WHAT YOU NEED TO DO: Output only the lines that run from the line holding "Lucky Brand 121" to the end of the data below, including both ends, without any pictures.

DATASET RECORDS:

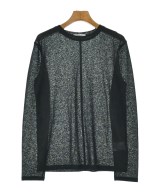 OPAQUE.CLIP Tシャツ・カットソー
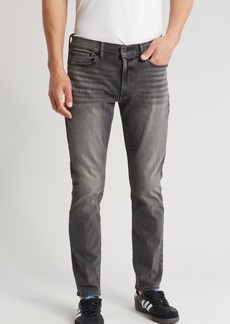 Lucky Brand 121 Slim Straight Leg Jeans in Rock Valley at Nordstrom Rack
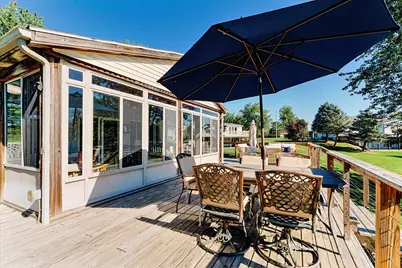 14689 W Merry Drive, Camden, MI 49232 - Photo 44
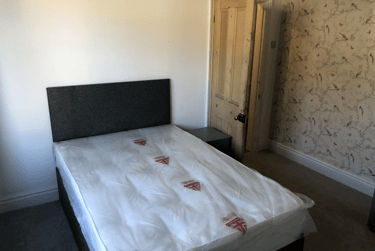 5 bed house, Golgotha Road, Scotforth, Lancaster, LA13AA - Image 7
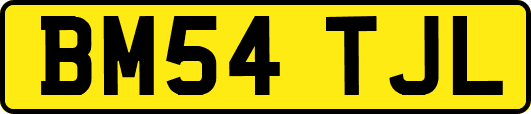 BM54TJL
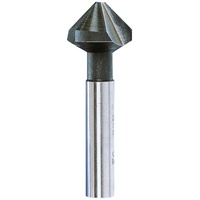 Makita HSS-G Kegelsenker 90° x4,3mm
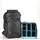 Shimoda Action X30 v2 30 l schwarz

REPLY TO THE EXERCISE:
 Lucky Brand 121 Slim Straight Leg Jeans in Rock Valley at Nordstrom Rack
 14689 W Merry Drive, Camden, MI 49232 - Photo 44
 5 bed house, Golgotha Road, Scotforth, Lancaster, LA13AA - Image 7
 BM54TJL
 Makita HSS-G Kegelsenker 90° x4,3mm
 Shimoda Action X30 v2 30 l schwarz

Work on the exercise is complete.